Natürlich gibt es weitere Themen - wie beispielsweise den Fakt, dass Wohnraum im Sozialrecht meist durch Übernahme der Miete geregelt wird - im Steuerrecht hingegen wird eine Pauschale angenommen.
Im Sozialrecht wird abgebildet, dass Wohnraum in bestimmten Gegenden teuer ist, in anderen weniger teuer - im Steuerrecht hingegen wird dies nicht abgebildet (was meiner Ansicht nach nur einer ernsthaften Klage eines entsprechenden Steuerzahlers beispielsweise in München bedarf, damit das eine höchstrichterliche Instanz final kippt).
Doch all diese scheinbaren Hürden lassen sich auflösen - und sollten aufgelöst werden. Denn eine wirklich einheitliche Behandlung von Wohnraum im Steuer- und Sozialrecht bezüglich des Existenzminimum ist eigentlich längst überfällig. Es ist durchaus auch unangemessen, dass im Steuerrecht sich reale Fälle konstruieren lassen, bei denen die Pauschale faktisch und nachweisbar das Existenzminimum nicht abdeckt - obwohl es klare höchstrichterliche Aussagen gibt, dass das Existenzminimum nicht besteuert werden darf.
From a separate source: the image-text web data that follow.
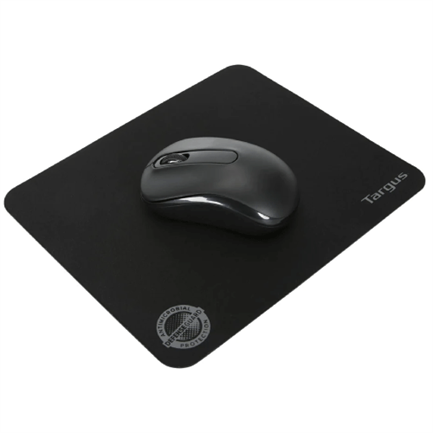 TARGUS - Mouse Pad Targus Antimicrobiana Ultraportátil Color Negro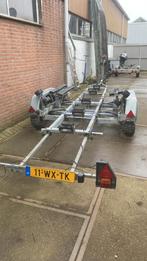 UFAC Boot trailer 1390 KG voor boten tot 7 meter, Watersport en Boten, Minder dan 1500 kg, Gebruikt, 6 tot 9 meter, Overige typen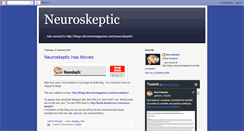 Desktop Screenshot of neuroskeptic.blogspot.com
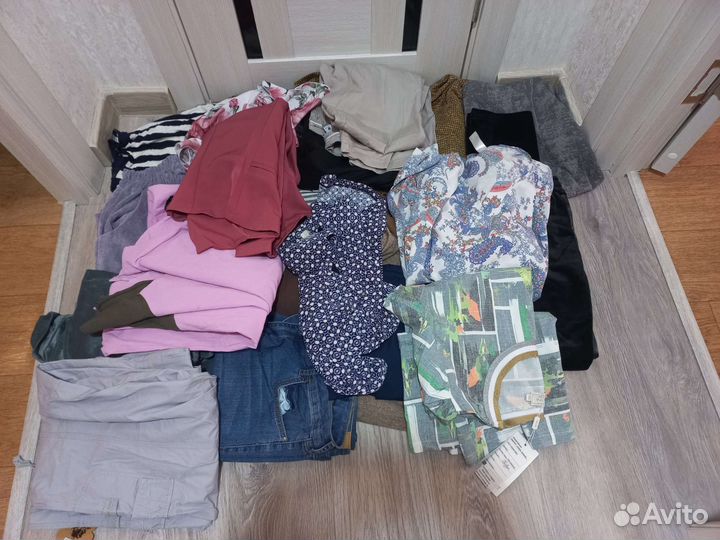 Женские вещи пакетом 48 50
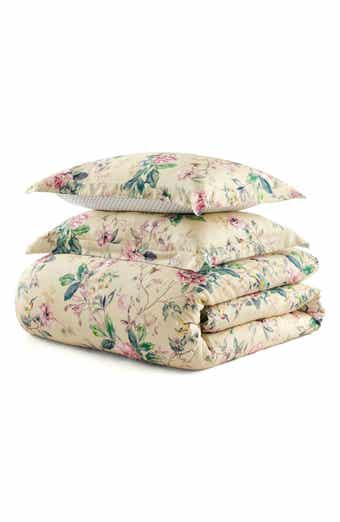 Songbird Reversible Cotton Sateen Duvet Set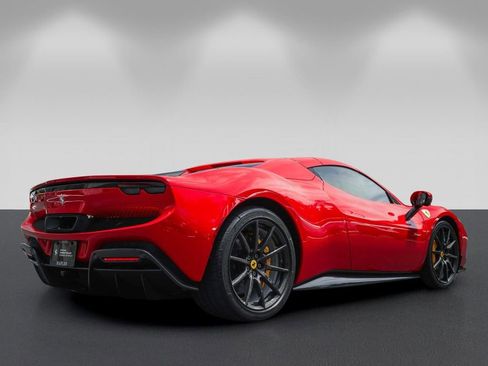Certified 2025 Ferrari 296 GTS RWD image 10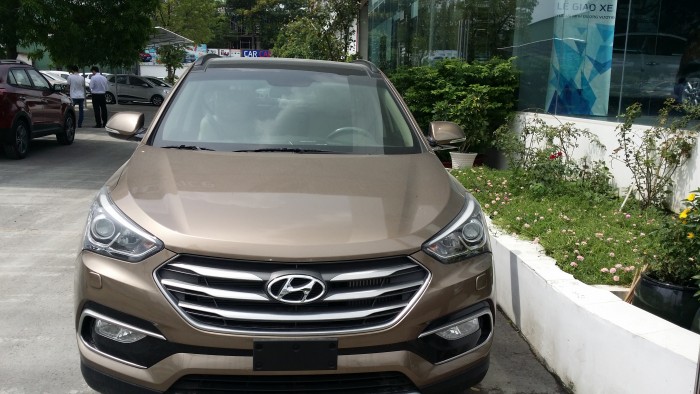 Chỉ 250tr là có ngay xe Hyundai Santa Fe 2016, giá tốt bất ngờ, thật khó tin!!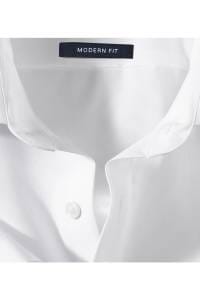 OLYMP Luxor Modern Fit Hemd weiss, Einfarbig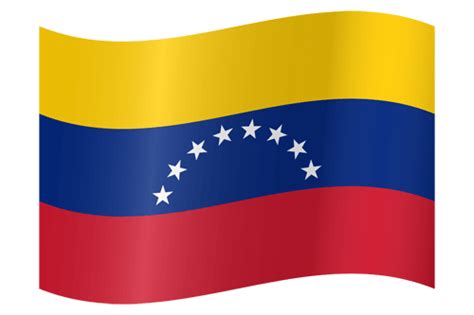 Bandera De Venezuela En Png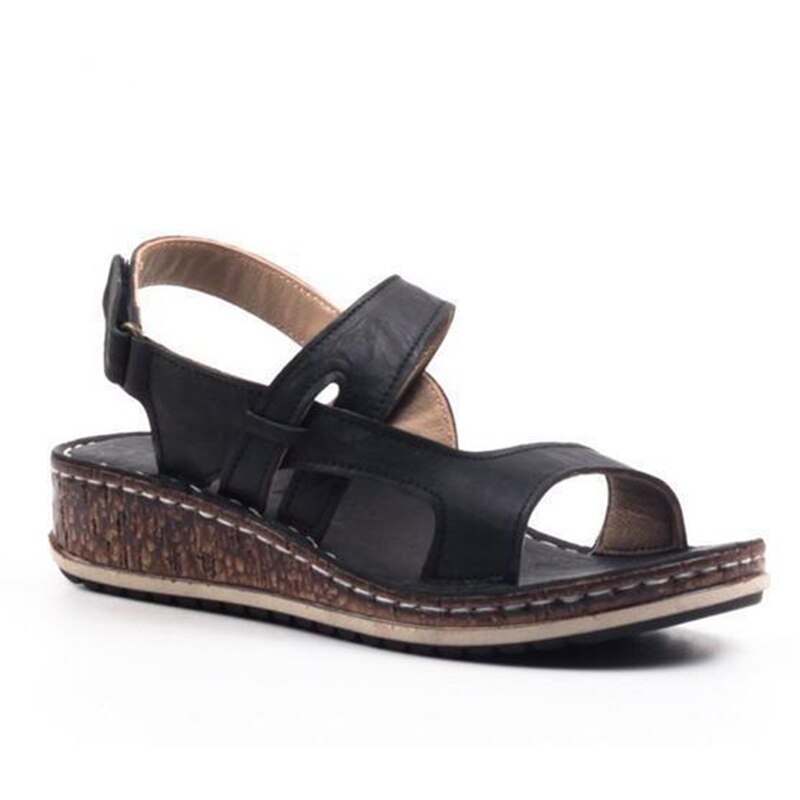 Women Sandals Classic Summer Sandals Soft Bottom Wedges Shoes For Woman Heels Sandals Beach Chaussures Femme Women Casual Shoes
Es ist eine fundamentale Gerechtigkeitsfrage, die Existenzsicherung sowohl im Steuerrecht als auch im Sozialrecht einheitlich zu regeln. (Einheitliche Regelungen bedeutet nicht, dass alle notwendigerweise das Gleiche bekommen.....)
Dies deshalb, weil im Steuerrecht bevorteilte Einzelfälle lediglich dazu führen, dass andere die fehlenden Einnahmen durch diese Fälle ausgleichen müssen - was ungerecht ist. Dies aber auch deshalb, weil wir heute im Sozialrecht vom Existenzminimum reden - aber bezüglich Wohnraum teils recht großzügige Regelungen getroffen sind. Diese zahlt der Steuerzahler - ohne selbst auf vergleichbare Großzügigkeit hoffen zu können.
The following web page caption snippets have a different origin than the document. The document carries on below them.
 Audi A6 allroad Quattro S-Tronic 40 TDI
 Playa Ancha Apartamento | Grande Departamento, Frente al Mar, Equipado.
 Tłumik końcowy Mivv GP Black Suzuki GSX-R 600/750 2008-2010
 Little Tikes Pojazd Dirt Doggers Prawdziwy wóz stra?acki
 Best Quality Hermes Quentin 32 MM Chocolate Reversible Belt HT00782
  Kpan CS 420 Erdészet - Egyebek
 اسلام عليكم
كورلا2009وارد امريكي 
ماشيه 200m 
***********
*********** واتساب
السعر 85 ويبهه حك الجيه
Deshalb sollte das allgemeine Prinzip sein: Wenn wir aus sozialen Gründen einem Bedürftigen eine soziale Wohltat gönnen - dann sollte der vergleichbare Fall im Steuerrecht diese soziale Wohltat durch die entsprechende Regelung im Steuerrecht auch bekommen und entsprechend einen Freibetrag haben. Dass Steuerzahler bei den Freibeträgen hinter den Sozialhilfeempfängern zurückstehen müssen, ist definitiv nicht gerecht.
Wenn überhaupt, dann darf man aus Vereinfachungsgründen beim Steuerzahler etwas stärker pauschalieren - aber diese Pauschalierung darf in keinem Einzelfall dazu führen, dass der vergleichbare Sozialhilfeempfänger besser gestellt ist, als der Steuerzahler bezüglich der ihm gewährten Freibeträge. Denn letzterer zahlt Steuern - und finanziert über diese den Sozialhilfeempfänger schließlich mit.